Forget The Myth About The Stock Run-Up Into Midterms; Goldman Explains Why
Goldman's economic team continues its string of market negative output, this time focusing on debunking the myth of an expected market run up into the mid-term election in 3 months. Contrary to the attempts of numerous pundits who consistently try to create a self-fulfilling prophecy and allow themselves better exit points on legacy underwater positions, Goldman performs a statistical analysis and reports that while in the past the stock run up has in fact occurred after the mid-terms, this was traditionally accompanied by loosening fiscal and/or monetary policy, resulting in a boost to the economy. As Goldman's Alec Phillips says: "For various reasons, market participants tend to take a more optimistic view of growth following the midterm election." And for all those who think this time is different, fiscal loosening post the elections will be hard to come by, and will be further impacted by the natural contraction of the economy following 2+ years of fiscal gluttony.
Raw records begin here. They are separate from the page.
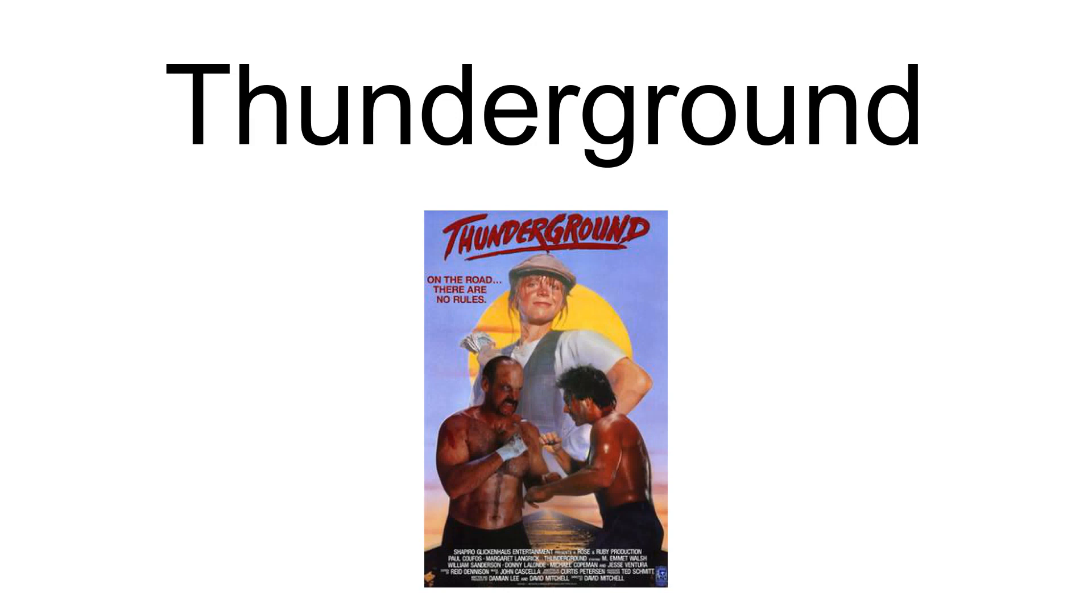Thunderground is a 1989 action film directed by David Mitchell and starring Michael Kopman, Paul Kofos, Pete Dempster, Michael Ironside, Margaret Langrick, and William Sanderson.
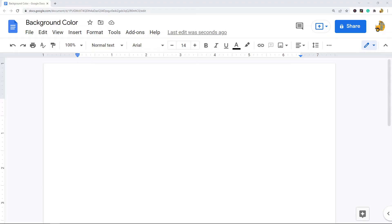In this video I'm going to show you how to change the background color or page color in Google Docs. A lot of people have been wondering if it is possible to change the page color in Google Docs.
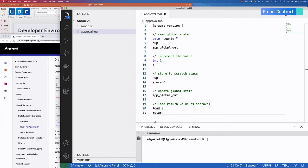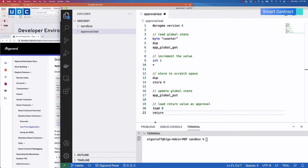All Algorand logic programs begin with a pound pragma version definition, which informs the Algorand virtual machine what version our program was compiled with. Line 3 is a comment for the block of code with a getter command — in this case we will read the value from a key called counter. The next code block places the integer 1 on the stack and adds it to the counter value. The next block duplicates this value, then stores it within the runtime scratch space for use later. The penultimate code block is a setter and puts the updated value into the counter key. The final code block retrieves the stored value from scratch space and completes execution with the return command. The AVM evaluates this return value — if it's a positive integer, the calling transaction is included in the next block and state transitions are applied. Any other return value causes the AVM to exit with an error, the transaction fails, and no state transitions are applied.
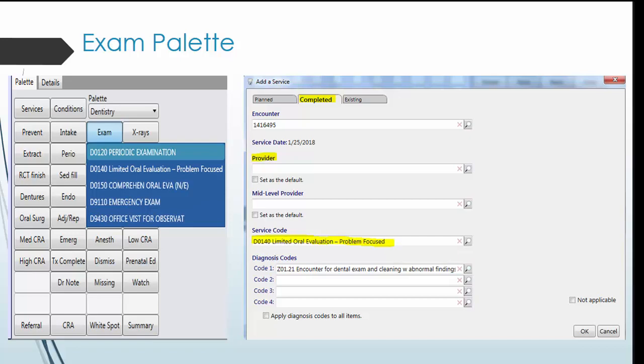After you select the appropriate exam code, click the completed tab. Then click OK and the template box will open. Next, document your exam by filling out the note replacement sections and adding additional notes to the bottom left box.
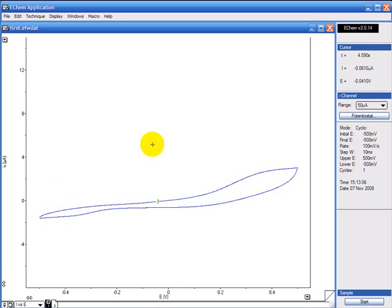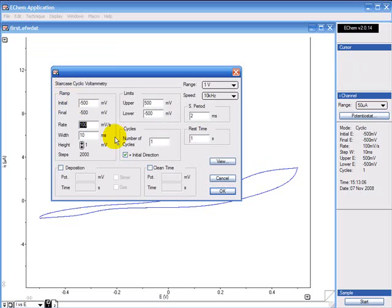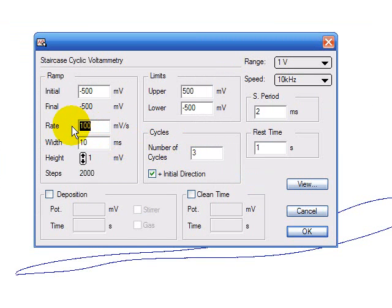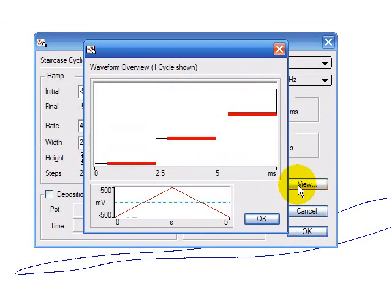I'm going to show you now how you can do several runs. You go to technique, cyclic voltammetry. I'm going to do three cycles and I'm going to increase the rate to 400 just so you can see what's happening. If I click on view, you can see now it's going to take five seconds to do each cycle.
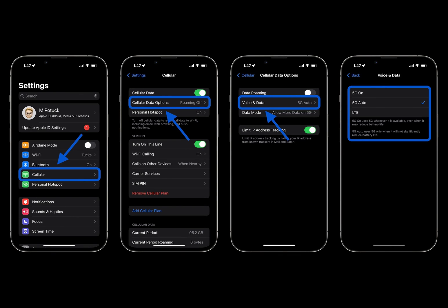To turn 5G on or off on the iPhone, head to the Settings app, tap Cellular, then choose Cellular Data Options. Tap Voice and Data — with 5G Auto as the default, you can choose 5G On to use it anytime it's available for faster speeds.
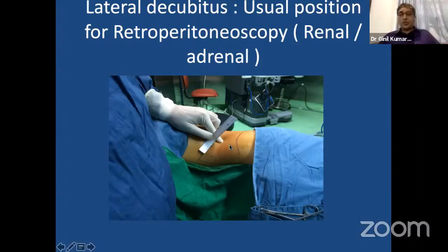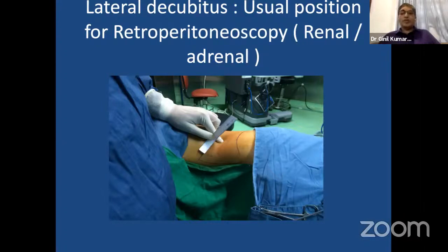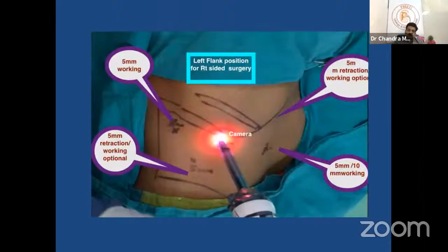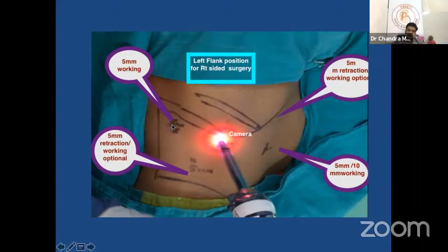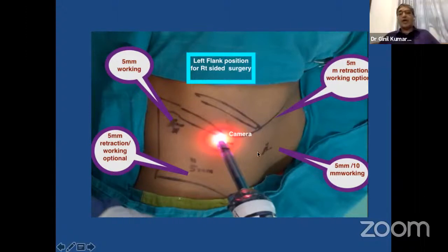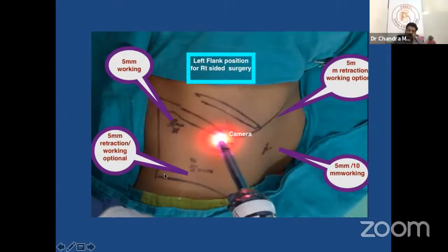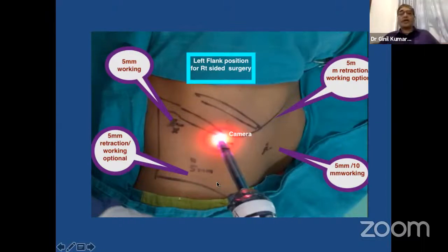The patient is kept in lateral decubitus, which is the commonest position. It is not that lateral decubitus is the only position — we can also approach the adrenal from the posterior aspect — but I am first describing the lateral decubitus position for adrenalectomy. This is the port placement as discussed: a 5mm working port in the posterior renal angle, anteriorly lateral to rectus abdominis, and inferiorly either posterior or anterior to the anterior superior iliac spine according to your convenience.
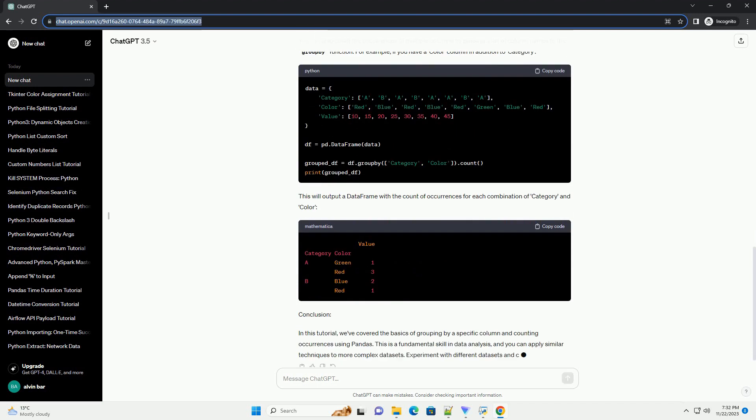Getting started. Let's start by importing the Pandas library in your Python script or Jupyter notebook. For this tutorial, we'll use a sample data set. You can create a dataframe from a dictionary or load a CSV file. For simplicity, let's create a dataframe from a dictionary.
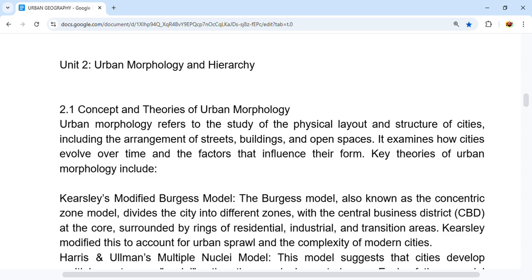Urban Morphology refers to the study of the physical layout and structure of cities, including the arrangement of streets, buildings, and open spaces. We examine how cities have evolved over time and the factors that influence their form.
Goldman says: "By contrast, our own estimates imply a tightening of fiscal policy in 2011, including decreased transfer payments as a result of expired unemployment benefits and increased tax liabilities as a result of tax expirations, and while we don’t have quarterly estimates for 2012, our budget projections assume additional further restraint on an annual basis then as well." In other words next time someone says that the market traditionally runs up into midterms, be aware they are uninformed. And not only that, but it is far more than likely that the stock market will drop after November, as the unprecedented disconnect between the contracting economy and the irrational stock market, finally collapses.
From Goldman's Alec Phillips:
The Midterm Election and Fiscal Policy: This Time Is Different?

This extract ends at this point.